The report from this ancient weapon was so large, so impressive and heartfelt, you had to say it was historical, it was geological, geographical, it was the Army Corps of Engineers, it was the dam on Grenada Lake with the locks open, it was so loud, and the light it produced was the hydroelectric generators in the dam as they turned on all the electricity in Grenada County, or Buffalo, New York, with one switch, lights on. The echo lasted a century, it seemed like; eyes that saw the fire from the barrel were seared permanently, like eyes that had looked straight into the sun. The sulphur and cordite, burning, might have come from the bowels of hell, they stunk so bad, they produced such a cloud of noxious smoke.
There were no other shots, only those two. The firefight was finished.
Far across the sugarcane fields, across acres of water, deep in the swamp, wild creatures heard the gunfire. Some of them might have thought it was thunder, the innocent didappers who looked for rain, the gentle alligators who were too bored to care, the nutrias who stood on gum stumps and shook water out of their fur like slinging silver coins in many directions at once.
But turkey vultures, roosting in the tops of dead trees in sight of the Indian mound, where stone-age civilizations lay quiet for so long, they heard it and opened one eye, perhaps, and shrugged their big poultry shoulders, shivered, as if to shake off a bad dream, and slept again.
Sly foxes heard it, and wrapped their red tails across their half-sleeping eyes and crept an inch deeper into their dens.
Wild dogs heard it, and dreamed of armadillos without shells.
Louis McNaughton heard it, the fat little boy with pink-rimmed glasses, and stepped back into the pantry and turned on the overhead light. He wished there were more choices for a person whose life had probably just been ruined by what he had seen. If there were choices, he couldn’t think what they were right now. He sat down again to try to finish reading Gerald McBoing Boing.
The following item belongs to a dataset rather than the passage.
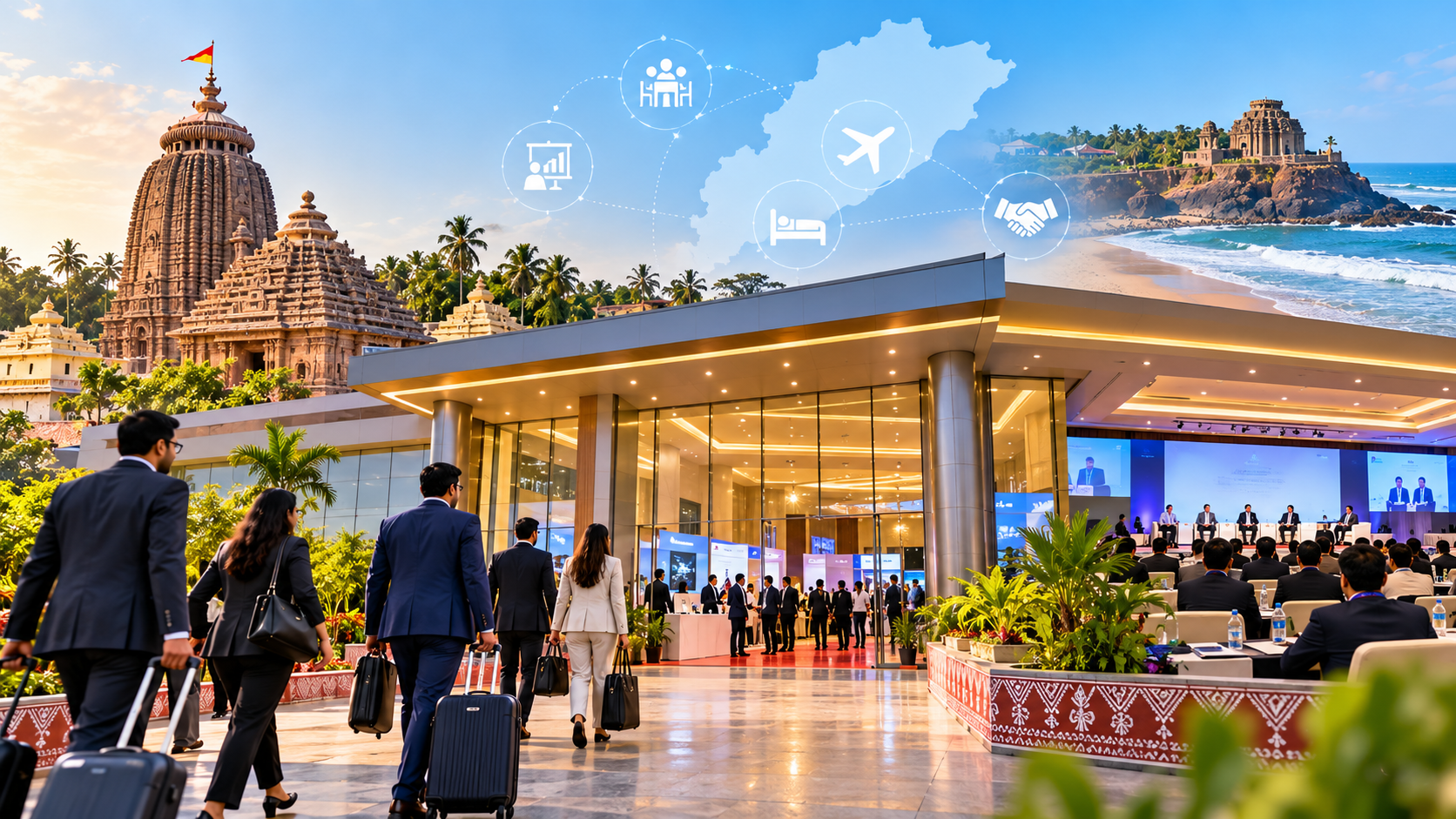 Odisha launches India’s first MICE incentive portal to boost business tourism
Mr. Raney said, “What a racket! Wasn’t that something special! My eyes are still seeing black spots.”
Hydro said, “Daddy?”
Mr. Raney said, “Let’s get some lights on in here. Let’s see what we hit. I probably should have warned you about shooting Mr. William Tell’s refrigerator. Them things are expensive.”
Hydro said, “Daddy? Are you all right?”
Mr. Raney said, “I’m not promising nothing about my marksmanship. I was only half-remembering where them pork and beans used to set. No telling what I put a plug in.”
Hydro dropped the gun to the floor. It sounded like a tire iron.
Mr. Raney said, “Turn on some lights, son. Let’s see what we got here. If I hit one of them cans of Campbell pork and beans, I’ll buy you a Co-Cola.”
Hydro said, “I missed you. How did I miss you?”
Hydro reached up above him and yanked on the light cord. The door directly behind his father had a piece missing as big as a wedge of pie.
Mr. Raney’s eyes were still getting adjusted to the light. He said, “Introduce me to your friends, son, let’s don’t be rude. I saw them through the window. I got to tell you, I admire your young man’s sense of style, sure do.”
It wasn’t until right then that Mr. Raney noticed that Hydro was barefooted and there might be some dead folks in the room.
Mr. Raney said, “Sugarplum?”
He walked through the store, closer to Hydro.
Mr. Raney said, “What has happened? Why are these two lovely children laying here dead on the floor with their heads blowed off? Where are your shoes?”